Sayın Koral BOZKURT, işletmenizde karanlık güçlere karşı dik durmanız nedeniyle bir takım sıkıntılar yaşandığını üzülerek öğrendik, büyük geçmiş olsun diyoruz. Ne yazık ki ülkede yaşanan bu tür olaylar gün geçtikçe artıyor ve başını öne eğenin de celladı çok oluyor!

Sayın Erdal ÖZCENK, DAÜ raporu hakkında neredeyse görüş belirtmeyen kesim kalmadı ama nedendir bilinmez bu konuda asıl konuşması gereken sizler derin bir sessizliğe büründünüz. DAÜ VYK’sı olarak inisiyatif üstlenmeniz bekleniyor!

Sayın Faiz SUCUOĞLU, bazı üniversitelerin aylardır çalışanlarına maaş yatırmadığı, yatırımların da aylardır yapılmadığı yönünde yapılan şikayetler her geçen gün yoğunlaşıyor. Konuyu mercek altına yatırmazsanız hem çalışanlar hem de bu üniversiteler büyük zarar görecek, bizden uyarması!

Sayın Sıla Usar İNCİRLİ, parti içinde bir adım öne çıkmamanız için büyük bir kampanya başlatılmış durumda. Hatta bu operasyonlarla bunalıp partiden ayrılmanızı isteyenler bile var! Kurultay öncesi olanı tamamlandı şimdi kurultay sonrası için yeni bir senaryo hazırlanıyor, fazlasıyla dikkatli olun deriz…

Sayın Prof. Dr. Abdullah ÖZTOPRAK, bir çok üniversite bu yıl öğrenci sıkıntısı yaşarken sizin de aksine UFÜ’de öğrenci patlaması yaşadığınız ve öncelikle de onların barınmaları için yoğun çaba sarf ettiğinizi duyduk. Kolay gelsin hayırlara vesile olsun artık…

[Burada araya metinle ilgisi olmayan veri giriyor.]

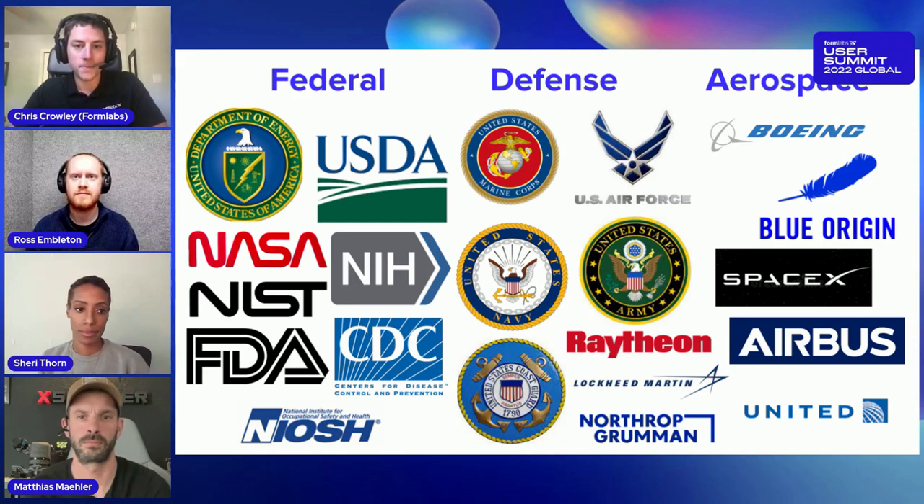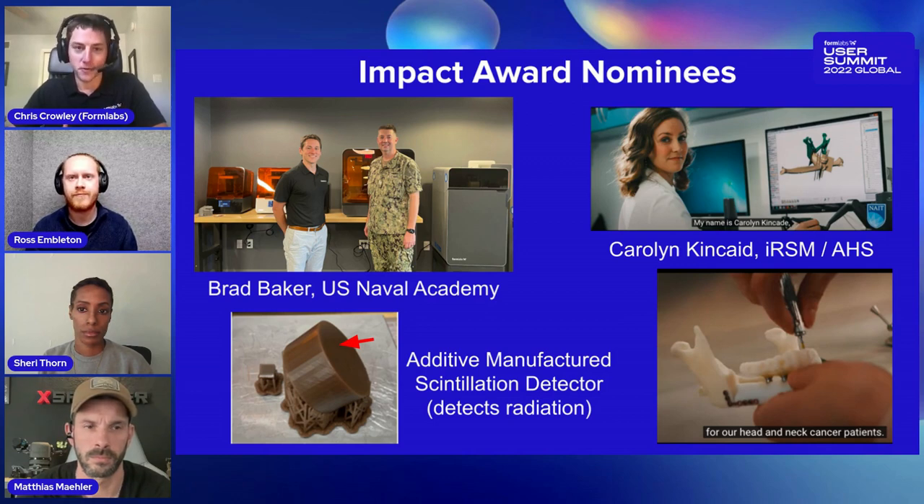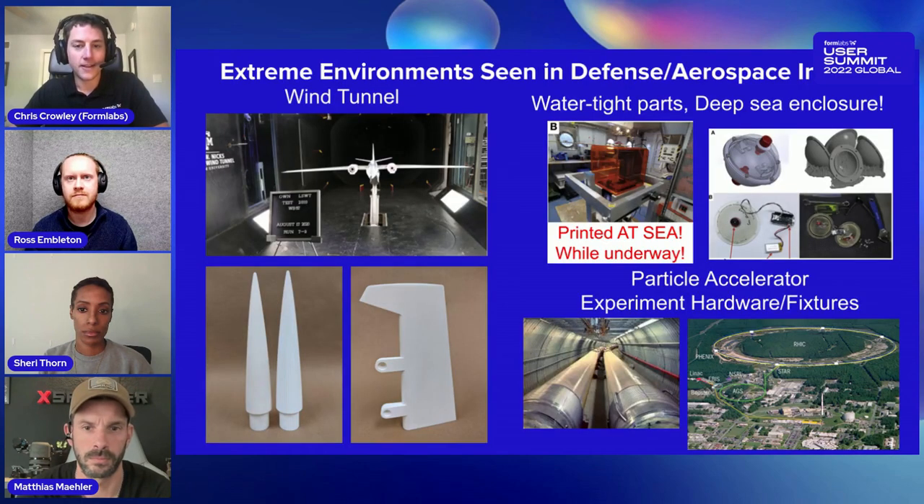I've had the pleasure of working with some of our Impact Award nominees at the User Summit this year. Brad Baker at the Naval Academy developed a radiation detection device using 3D printing — near a nuclear reactor on a submarine is an extreme environment. Caroline Kincaid works for Alberta Health Services in Canada, and the human body is also a very extreme environment for parts, so we do have biocompatible materials that can withstand that.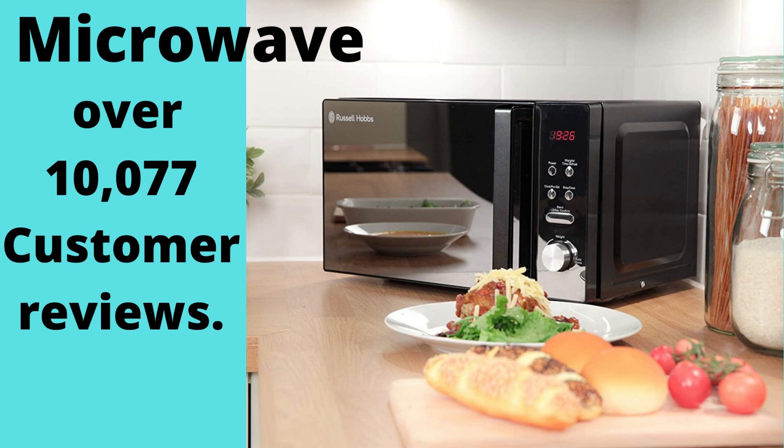Hello friends, welcome to my channel. In this video, you will watch the best microwaves over 10,077 customer reviews.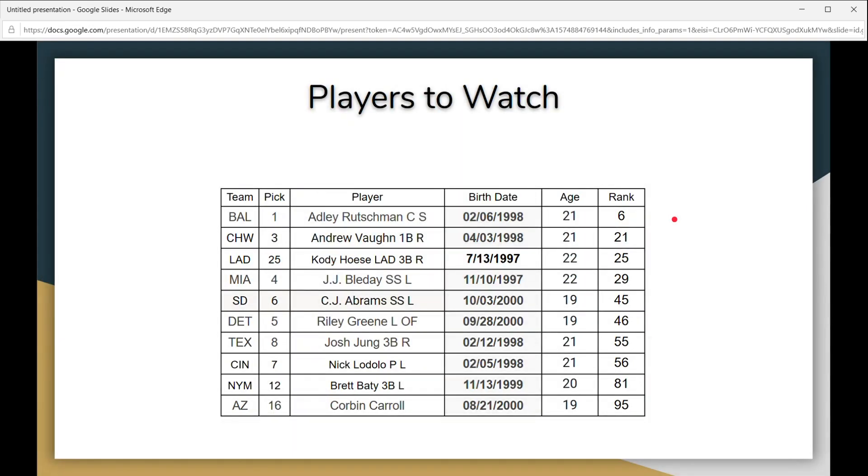I broke down some of the top players you should be looking out for, organized by team, draft pick number, player name, position, batting hand, birthday, age, and current rank in the MLB Pipeline. There are obviously other players people are going to want to collect, and some not on this list are probably going to end up being really good. I just broke it down into some of the top picks and top prospects.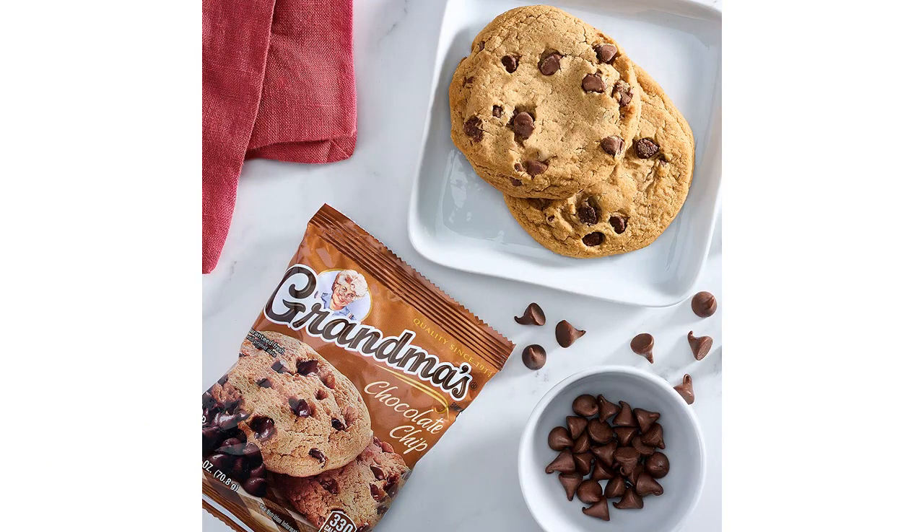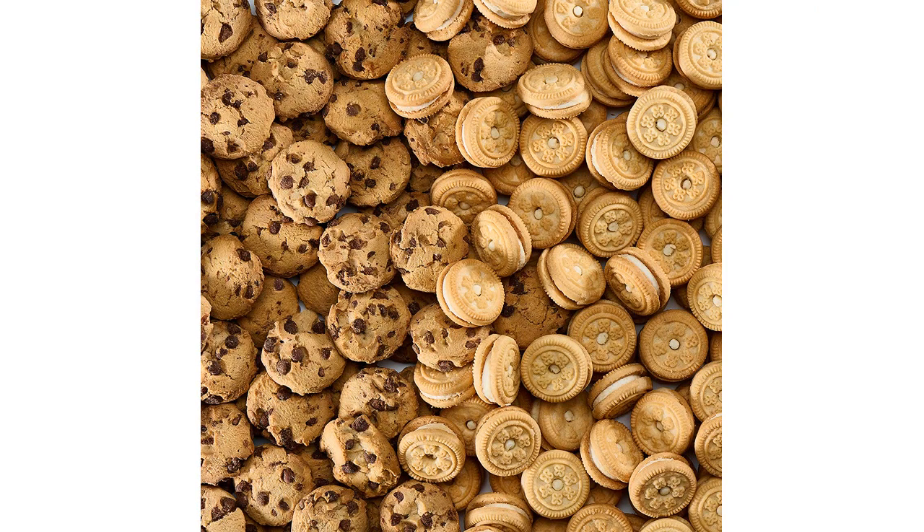I appreciate that these cookies come in a 10-pack, as they are a great addition to my on-the-go snacking options. Each package contains 2.87 ounces or 81.5 grams of cookies, which is the perfect serving size.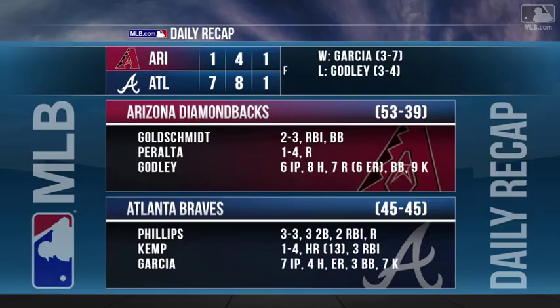Diamondbacks have now lost five in a row and eight of their last nine. Zach Godley drops to three and four — he goes six innings allowing six earned runs on eight hits with nine strikeouts. Jaime Garcia gets the win: seven innings, one run on four hits while striking out seven.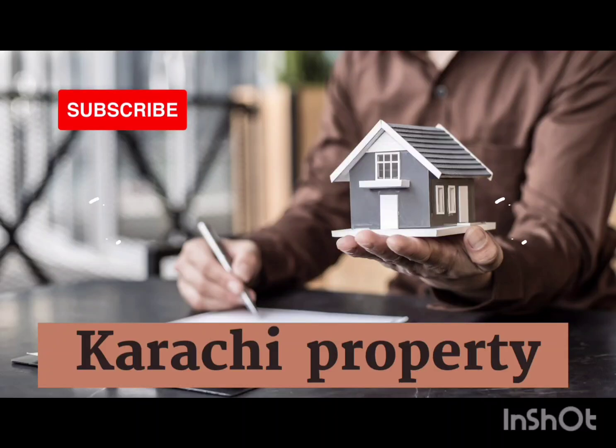Peace be upon you. How are you? Welcome back to my channel Karachi Property. I hope you are subscribed. If you are new, please subscribe and like this channel.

Sayın Narin Ferdi ŞEFİK, Adalet Bakanlığı kurulursa yargının siyasilerin eline geçeceği konusunda ibret veren bir açıklama yaptınız ama sanki de bir yerlere de mesaj gönderdiniz gibi geldi bize, ne dersiniz?

Sayın Mert TAŞKIN, DP içinde özellikle genç bir kesim parti başkanlığına aday olmanız konusunda ülke genelinde kulis çalışmaları başlattı diye duyduk. Bundan haberiniz var mı yoksa yapılan çalışmalar bu hafta mı size sunulacak?